さて、教育学部で学ぶ内容は自動車のタイヤに似ています。自動車には4つのタイヤがついていて、どのタイヤが欠けていてもうまく走れません。また車軸が曲がっていてもだめです。教育学部では、教職の意義や教員の役割、子どもの発達の様子や生徒指導などに関する教職関連科目と、国語や社会、音楽といった教科の内容に関する科目(教科専門科目)という大きな柱が2つあります。これは車の前輪と後輪のような関係で、どちらも欠くことができません。さらに教職でも教科でも「知識として知っている」ことと「それを上手く教える」ことは違います。理論と実践の2つがかみ合ってこそ車はまっすぐ進むのです。本学部では、教科や教職に関する高い専門的知識を身につけるための教育環境を整備・充実させるとともに、人文・社会科学、自然科学、芸術、体育などに関する幅広い教員を配置しています。また、問題解決力の向上を目的としてPBL(Problem Based Learning:問題解決型学習)の手法を取り入れた授業を実施するとともに、1年生の段階から近隣の幼小中学校での授業見学や授業支援を通じて、学校での子どもたちの姿に触れる機会を設けています。さらに、教育・研究・実践の実験校として4つの附属学校園(幼稚園・小学校・中学校・特別支援学校)と附属教職支援センターがあり、みなさんの教員への道を支援します。

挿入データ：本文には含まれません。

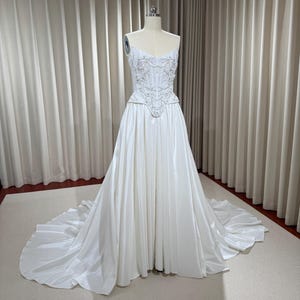 May include: A white strapless wedding dress with a fitted bodice and a full skirt. The bodice is embellished with delicate beading and floral appliques.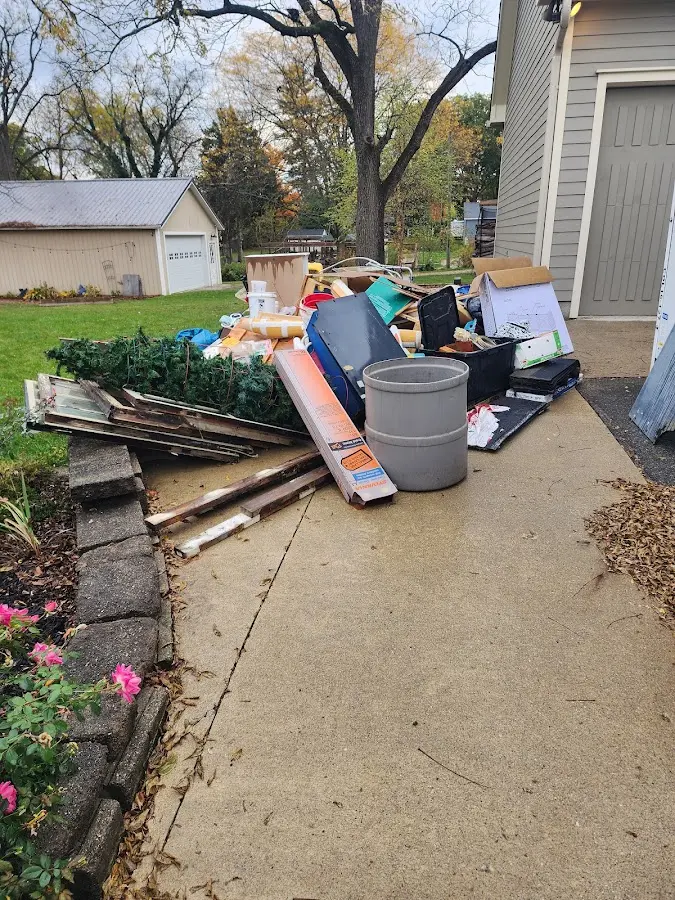 Dumpster being loaded with debris for Estate Cleanout Dumpster Rental in Diamond Springs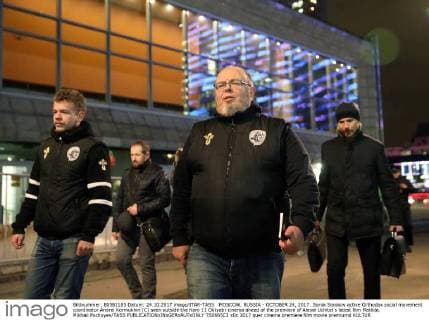 MOSCOW, RUSSIA - OCTOBER 24, 2017: Sorok Sorokov active Orthodox social movement coordinator Andrei Kormukhin (C) seen outside the Karo 11 Oktyabr cinema ahead of the premiere of Alexei Uchitel s latest film Matilda. Mikhail Pochuyev TASS  TS0665C3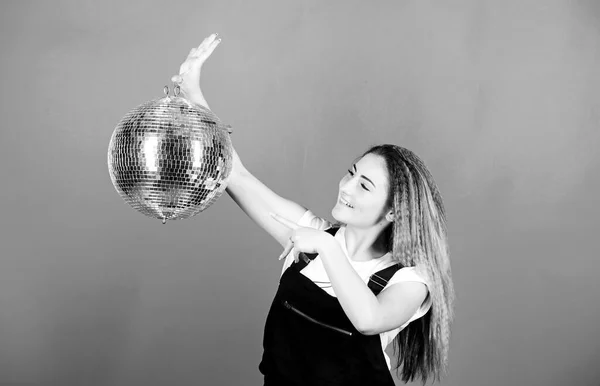 ready for having fun. happy birthday party. disco dancing. celebrating the holiday. girl with disco ball. party goer. lets dance. night life concept. christmas or new year holiday. Party time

社会の変化のスピードはどんどん速くなり、将来を見通すことが難しい時代になってきています。子どもたちはこのような時代を生きていくことになりますので、自ら考え・判断し・実行していく力を培っていく必要があります。教師の仕事は、子どもたちの人生にも関わるものであり、やりがいとともに責任を伴うものでもあります。社会や教育の現場は日々変化していますので、情報のアンテナを高くし、自ら学び、成長し続けることが必要となるのです。 教育の効果は形には見えにくいものですが、その効果は10年後、30年後、50年後に明らかな形として現れてきます。教育は未来を創る仕事です。一緒に未来を創っていきましょう。本教育学部は、みなさんが未来を創る人材となる、そのためのサポートを全力で行っていきます。